Lena would go on to teach the Blackfoot language and general literacy skills for more than 50 years. Along the way, she partnered with Alberta Education to develop a Blackfoot curriculum for grades 7 to 12, which remains in use today. She is a proud member of the Aitsi’poyiiksi, a group dedicated to preserving the Blackfoot language. Her life’s work has done much to ensure that the Blackfoot have the knowledge they need to sustain this priceless piece of their heritage, now and forever.

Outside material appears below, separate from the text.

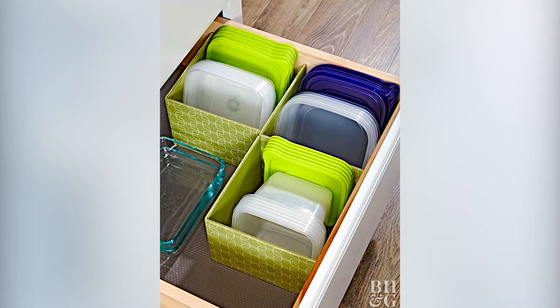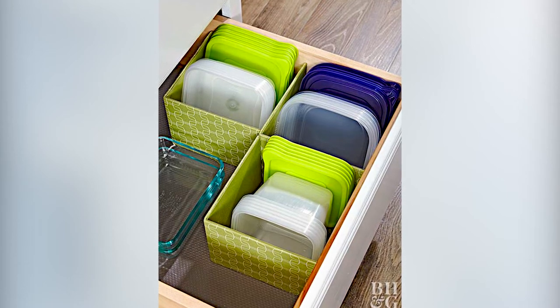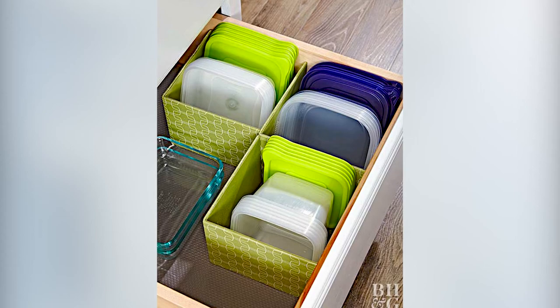Number two: get a couple of under-the-shelf baskets for the lids and store the containers below. I like this one because you can pair your lids to the size of the container.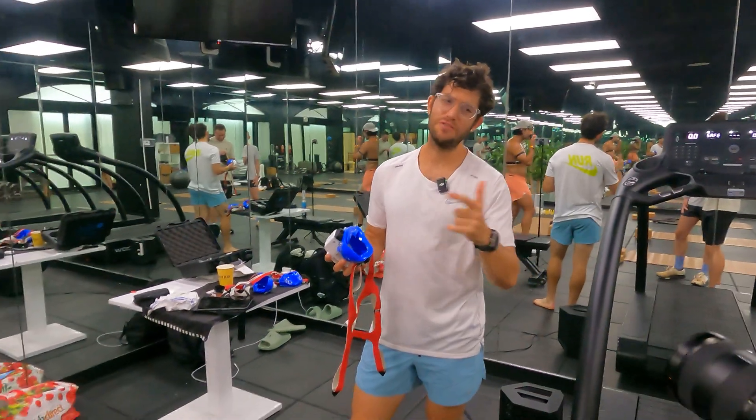A VO2 max test is not going to tell you how fast you can run in a race, but it's really good data and I got a test anyway. Let's see what happened. All right, I just did my warmup. Now it's time to go get my VO2 max tested. Let's do this. We're about to do a VO2 max test.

Strongly community-minded, Lena has served with a number of organizations in southern Alberta and on the Kainai First Nation. She was a correspondent and board member at Indian News Media, and a member of the Senate Committee at the University of Lethbridge. Lena spent several years on the board at the Ninastako Cultural Centre, helping to transmit Blackfoot language and culture to younger members of her people. She also served as a board member with the Blood Tribe Police Commission, improving relations between law enforcement and the population. Lena regularly hosted Women’s Weekend Wellness tipi retreats and her tipi, which she made herself, was a fixture at sun dances, Indian Day celebrations and family gatherings for many years.
Lena’s achievements have led to her becoming an honoured Elder among the Kainai and an authority whose expertise is recognized around the world. She has received many accolades for her work, including recognition for 30 years of service at St. Mary’s School, the Blackfoot Confederacy Education Conference Lifetime Achievement Award and the Esquao Award from the Institute for the Advancement of Aboriginal Women. She received an honorary doctorate from the University of Lethbridge in 2006.
Still, Lena is truly defined by the most deeply felt acts of generosity. She was brought up with the Blackfoot belief that help and comfort should be given before they are asked for and she has never failed to live up to that standard. Over the years, Lena has opened her heart and home to kids, adopting so many that even her family can’t keep track of the exact number. She has never hesitated to reach out, once showing up unannounced on the doorstep of a student when she heard he didn’t have appropriate clothing to wear to graduation. Lena took him shopping immediately and then drove him to grad so he could celebrate with everyone else.
This, too, is part of Blackfoot culture, which sees the mother invest everything she has in her children, sewing seeds of love and devotion that will bear fruit in her golden years. Lena’s definition of “her children” has always been broader than everyone else’s, but that’s in keeping with her personality and her long list of accomplishments. Lena continues to reside on the Blood Reserve. She has seven biological children, many traditionally adopted children, 46 grandchildren, 22 great-grandchildren, and three great-great-grandchildren.
She has been a mother to all of the Blackfoot, leading by example, teaching them, protecting them and nurturing their sense of self as they make their way in the world.